--- DATA EXCERPTS Enclosed Below ---
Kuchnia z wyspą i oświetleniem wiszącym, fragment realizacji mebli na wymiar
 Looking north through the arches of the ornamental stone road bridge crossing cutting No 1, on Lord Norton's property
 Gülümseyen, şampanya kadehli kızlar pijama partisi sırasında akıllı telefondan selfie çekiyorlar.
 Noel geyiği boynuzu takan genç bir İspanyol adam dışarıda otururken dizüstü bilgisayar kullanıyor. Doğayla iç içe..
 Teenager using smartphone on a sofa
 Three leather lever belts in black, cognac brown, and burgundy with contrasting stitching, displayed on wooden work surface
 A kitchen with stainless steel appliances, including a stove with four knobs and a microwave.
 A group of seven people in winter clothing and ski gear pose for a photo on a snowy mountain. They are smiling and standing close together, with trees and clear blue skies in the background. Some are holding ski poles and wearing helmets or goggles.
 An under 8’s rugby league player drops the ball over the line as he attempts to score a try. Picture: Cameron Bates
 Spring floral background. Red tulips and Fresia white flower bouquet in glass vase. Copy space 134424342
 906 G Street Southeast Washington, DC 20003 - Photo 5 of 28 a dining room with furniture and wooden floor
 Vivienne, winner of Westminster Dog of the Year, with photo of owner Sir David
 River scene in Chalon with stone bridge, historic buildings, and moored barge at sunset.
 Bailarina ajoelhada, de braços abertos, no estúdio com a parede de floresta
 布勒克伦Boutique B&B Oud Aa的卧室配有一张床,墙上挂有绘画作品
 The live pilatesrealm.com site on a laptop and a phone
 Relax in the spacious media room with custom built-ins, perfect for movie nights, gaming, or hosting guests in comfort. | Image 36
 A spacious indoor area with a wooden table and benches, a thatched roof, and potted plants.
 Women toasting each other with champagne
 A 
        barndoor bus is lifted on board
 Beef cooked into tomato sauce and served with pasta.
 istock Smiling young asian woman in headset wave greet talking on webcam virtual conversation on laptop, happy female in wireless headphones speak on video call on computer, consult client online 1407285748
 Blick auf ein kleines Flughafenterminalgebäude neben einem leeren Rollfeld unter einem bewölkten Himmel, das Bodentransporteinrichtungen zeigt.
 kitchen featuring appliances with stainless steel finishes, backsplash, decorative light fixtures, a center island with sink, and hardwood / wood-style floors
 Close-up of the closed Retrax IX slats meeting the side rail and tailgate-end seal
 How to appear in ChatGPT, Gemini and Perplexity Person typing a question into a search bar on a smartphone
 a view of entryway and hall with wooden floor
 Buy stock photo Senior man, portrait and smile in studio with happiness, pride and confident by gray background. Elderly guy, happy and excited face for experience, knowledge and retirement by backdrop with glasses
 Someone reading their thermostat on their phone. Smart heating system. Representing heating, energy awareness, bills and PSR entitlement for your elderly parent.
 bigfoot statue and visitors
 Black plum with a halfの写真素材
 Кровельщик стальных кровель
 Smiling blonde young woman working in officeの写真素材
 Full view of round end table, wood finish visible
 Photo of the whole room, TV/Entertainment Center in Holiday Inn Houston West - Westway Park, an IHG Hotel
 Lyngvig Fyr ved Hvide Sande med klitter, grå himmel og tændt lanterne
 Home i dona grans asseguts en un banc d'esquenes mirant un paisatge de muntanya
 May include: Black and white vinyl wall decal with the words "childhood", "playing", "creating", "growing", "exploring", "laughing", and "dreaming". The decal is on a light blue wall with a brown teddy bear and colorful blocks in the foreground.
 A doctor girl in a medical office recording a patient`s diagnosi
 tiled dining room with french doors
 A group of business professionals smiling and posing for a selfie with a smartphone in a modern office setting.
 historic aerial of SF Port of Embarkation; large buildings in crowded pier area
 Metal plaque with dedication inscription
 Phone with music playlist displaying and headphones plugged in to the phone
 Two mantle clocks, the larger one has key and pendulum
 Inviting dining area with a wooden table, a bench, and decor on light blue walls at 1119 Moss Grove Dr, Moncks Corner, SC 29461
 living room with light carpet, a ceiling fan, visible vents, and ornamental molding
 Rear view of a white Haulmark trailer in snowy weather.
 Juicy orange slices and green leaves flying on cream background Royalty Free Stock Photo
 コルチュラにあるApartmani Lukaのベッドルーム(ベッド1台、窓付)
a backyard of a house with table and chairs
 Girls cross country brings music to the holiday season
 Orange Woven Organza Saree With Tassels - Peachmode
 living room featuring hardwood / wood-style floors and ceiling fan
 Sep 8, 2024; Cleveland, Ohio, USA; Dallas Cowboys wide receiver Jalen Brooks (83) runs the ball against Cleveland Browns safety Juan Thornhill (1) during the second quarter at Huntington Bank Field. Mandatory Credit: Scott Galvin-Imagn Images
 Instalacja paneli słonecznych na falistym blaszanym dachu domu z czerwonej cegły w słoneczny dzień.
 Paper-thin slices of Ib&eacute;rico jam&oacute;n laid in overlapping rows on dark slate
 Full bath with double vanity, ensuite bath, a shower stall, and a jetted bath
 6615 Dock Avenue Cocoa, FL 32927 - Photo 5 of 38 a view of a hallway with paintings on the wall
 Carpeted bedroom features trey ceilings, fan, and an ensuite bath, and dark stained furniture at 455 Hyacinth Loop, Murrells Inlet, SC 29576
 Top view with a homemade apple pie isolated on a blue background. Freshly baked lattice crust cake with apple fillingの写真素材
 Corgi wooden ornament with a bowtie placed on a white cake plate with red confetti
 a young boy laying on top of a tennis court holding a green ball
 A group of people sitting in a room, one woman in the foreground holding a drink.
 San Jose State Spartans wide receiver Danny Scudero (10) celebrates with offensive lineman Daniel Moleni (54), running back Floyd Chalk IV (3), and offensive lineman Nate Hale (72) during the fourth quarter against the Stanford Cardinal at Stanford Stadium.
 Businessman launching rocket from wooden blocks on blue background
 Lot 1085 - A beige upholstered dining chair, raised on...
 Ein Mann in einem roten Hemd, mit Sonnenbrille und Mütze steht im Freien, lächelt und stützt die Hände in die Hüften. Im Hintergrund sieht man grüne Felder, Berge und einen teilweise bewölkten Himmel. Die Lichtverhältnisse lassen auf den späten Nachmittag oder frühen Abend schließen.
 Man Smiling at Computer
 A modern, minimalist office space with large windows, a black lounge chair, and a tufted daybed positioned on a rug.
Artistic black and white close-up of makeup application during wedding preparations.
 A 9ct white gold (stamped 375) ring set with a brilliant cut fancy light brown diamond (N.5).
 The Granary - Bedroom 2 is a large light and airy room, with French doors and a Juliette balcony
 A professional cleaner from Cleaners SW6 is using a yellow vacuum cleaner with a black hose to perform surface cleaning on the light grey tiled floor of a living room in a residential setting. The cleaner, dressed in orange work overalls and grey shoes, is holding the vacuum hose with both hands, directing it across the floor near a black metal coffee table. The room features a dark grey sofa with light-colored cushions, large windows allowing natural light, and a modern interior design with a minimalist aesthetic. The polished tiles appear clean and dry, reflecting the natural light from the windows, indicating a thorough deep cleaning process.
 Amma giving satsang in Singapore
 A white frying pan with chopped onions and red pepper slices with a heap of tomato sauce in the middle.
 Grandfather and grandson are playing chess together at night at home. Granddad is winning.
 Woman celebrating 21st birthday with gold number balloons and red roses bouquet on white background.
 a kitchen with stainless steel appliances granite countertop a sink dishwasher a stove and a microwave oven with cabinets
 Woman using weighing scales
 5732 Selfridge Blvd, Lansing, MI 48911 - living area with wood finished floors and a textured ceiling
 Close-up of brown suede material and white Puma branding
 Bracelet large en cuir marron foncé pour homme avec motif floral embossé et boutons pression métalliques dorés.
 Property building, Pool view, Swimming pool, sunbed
--- End of Enclosed DATA EXCERPTS ---
### [WORK INSTRUCTION]
Could you restate, word for word, the lines above from the one with "Spring floral background." to the one with "The live pilatesrealm.com", both included?

### [EXPECTED ANSWER]
 Spring floral background. Red tulips and Fresia white flower bouquet in glass vase. Copy space 134424342
 906 G Street Southeast Washington, DC 20003 - Photo 5 of 28 a dining room with furniture and wooden floor
 Vivienne, winner of Westminster Dog of the Year, with photo of owner Sir David
 River scene in Chalon with stone bridge, historic buildings, and moored barge at sunset.
 Bailarina ajoelhada, de braços abertos, no estúdio com a parede de floresta
 布勒克伦Boutique B&B Oud Aa的卧室配有一张床,墙上挂有绘画作品
 The live pilatesrealm.com site on a laptop and a phone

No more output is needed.